Sarni v. MeloccaroAnnotate this Case
294 A.2d 844 (1972)
Claire M. SARNI v. N. Robert MELOCCARO et al.
Supreme Court of Rhode Island.
September 18, 1972.
Abedon, Michaelson, Stanzler & Bierner, Providence, for plaintiff; Julius C. Michaelson, Richard A. Skolnik, Providence, of counsel.
Aram A. Arabian, Providence, for defendants.OPINION
This is a civil action in the nature of mandamus. The purpose of the suit is to permit the plaintiff to examine the records of Garden City Builders, Inc., a family corporation. The plaintiff is the daughter of one defendant and the sister of the other. She claims ownership of 18 shares of stock pursuant to a stock certificate which stands in her name on the records of the corporation. The stock was allegedly given to her by her father, Nazzareno Meloccaro, sometime prior to his death in April, 1955. The defendants filed an answer in which they specifically denied that the plaintiff owned any of the corporate stock or that any stock had been issued and delivered to her as a gift. When the case came on for trial, the trial justice held an extensive hearing which was restricted to the plaintiff's status as a stockholder. At the conclusion of testimony, the trial justice stated that he was rendering a "partial judgment" and then went on to find that the plaintiff had proved by clear and convincing evidence the delivery of stock from the father to her. At the conclusion of his remarks, the trial justice stated that the case was to be continued for further proceedings relating to the relief sought by *845 the plaintiff. A "supplementary order" was entered. The defendants, however, initiated this appeal. They contend that mandamus does not lie and also challenge the findings made relative to the inter vivos gift.

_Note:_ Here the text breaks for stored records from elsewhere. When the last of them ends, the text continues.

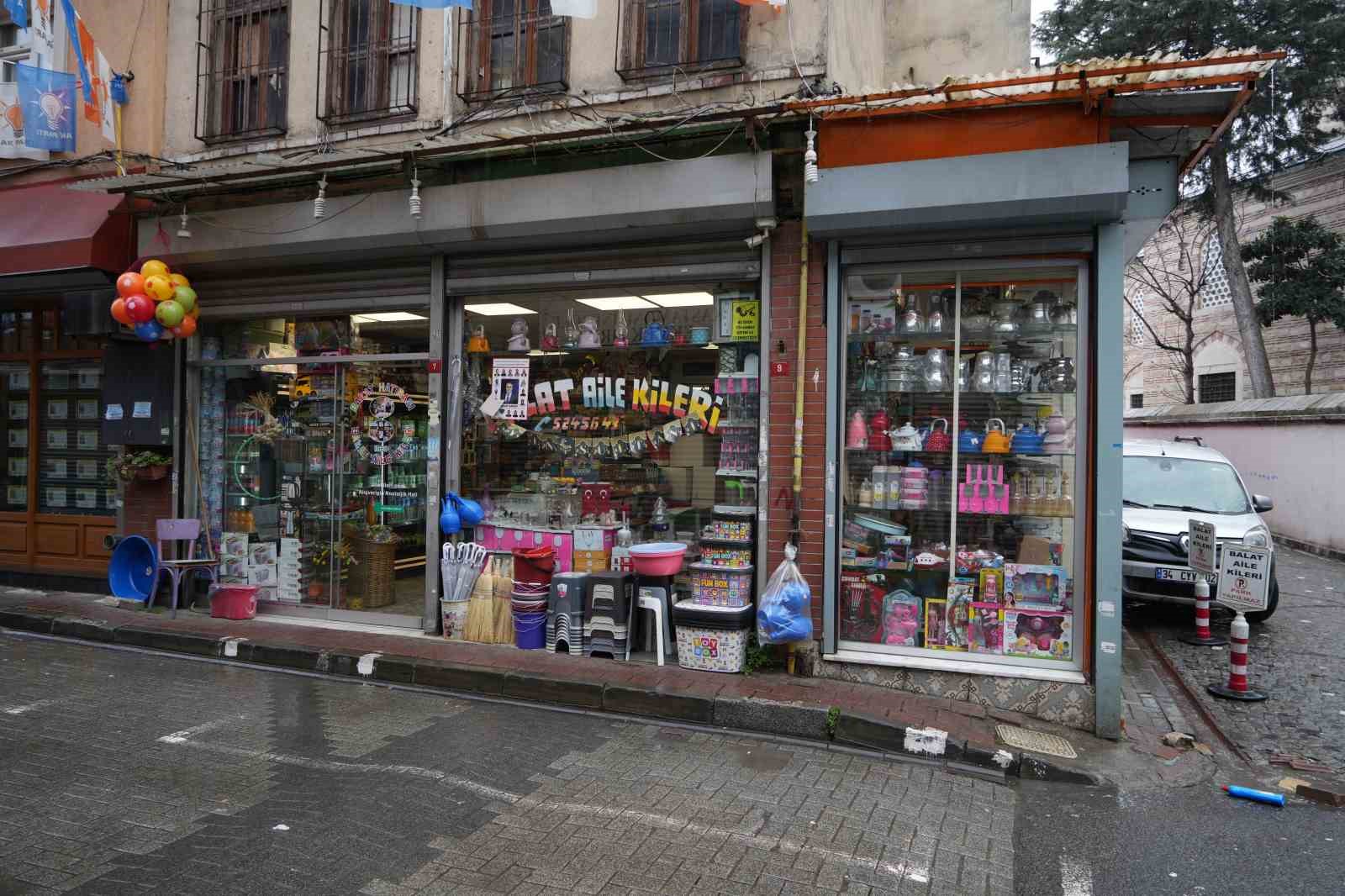 65 yıldır süpermarketlere karşı mahalle bakkalı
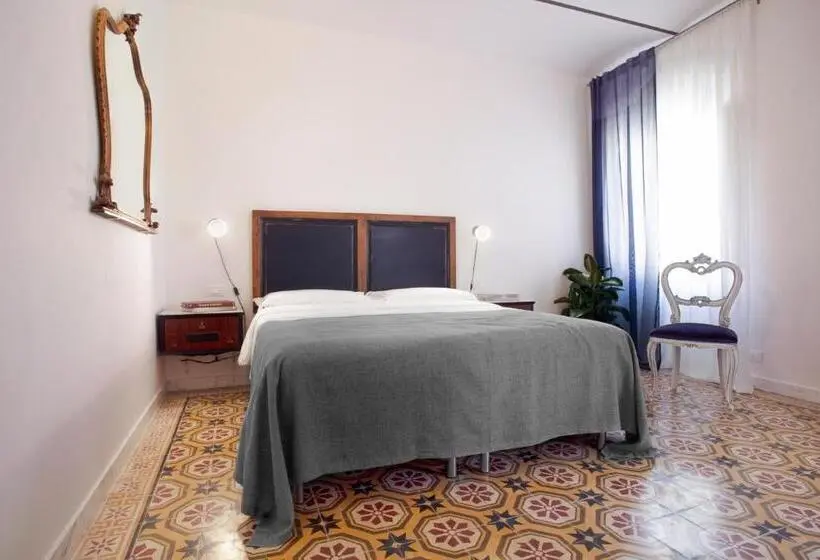 デラックスルーム, Carrara Bella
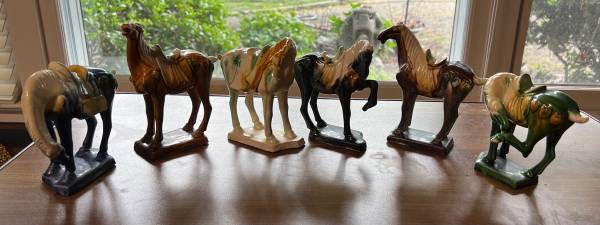 Set of 6 Dynasty horses 1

It is quite evident that there remain other questions to be resolved in the trial court. In the absence of some statutory right or provision in the charter or bylaws, the inspection of corporate records has been described as a privilege afforded to a stockholder which becomes a right only upon a showing that the inspection will be made at "proper times" and for "proper purposes." Landin v. Carlson, 55 R.I. 18, 177 A. 143 (1935); Lyon v. American Screw Co., 16 R.I. 472, 17 A. 61 (1889); 5 Fletcher, Cyclopedia of the Law of Private Corporations § 2219 (1967). When this litigation was begun in February, 1966, a stockholder had no statutory right to inspect corporate records. This void was filled in 1969 with the enactment of the Rhode Island Business Corporation Act, ch. 1.1 of title 7. Section 7-1.1-46 specifically allows a stockholder, who has owned stock for a period of at least six months or who holds at least five per cent of the outstanding stock, to make a relevant inspection at "any reasonable time or times, for any proper purpose." The plaintiff has yet to satisfy the "time" and "purpose" elements of the rule first promulgated in Lyon.
Fragmented appeals are not countenanced. This court has often said that it will not review a case piecemeal. There is nothing in the record before us that would justify a departure from this salutary rule. The case should not have been certified to this court until the entry of a judgment which would embody a complete and final adjudication of the rights and liabilities of the parties.
The defendants' appeal is denied without prejudice.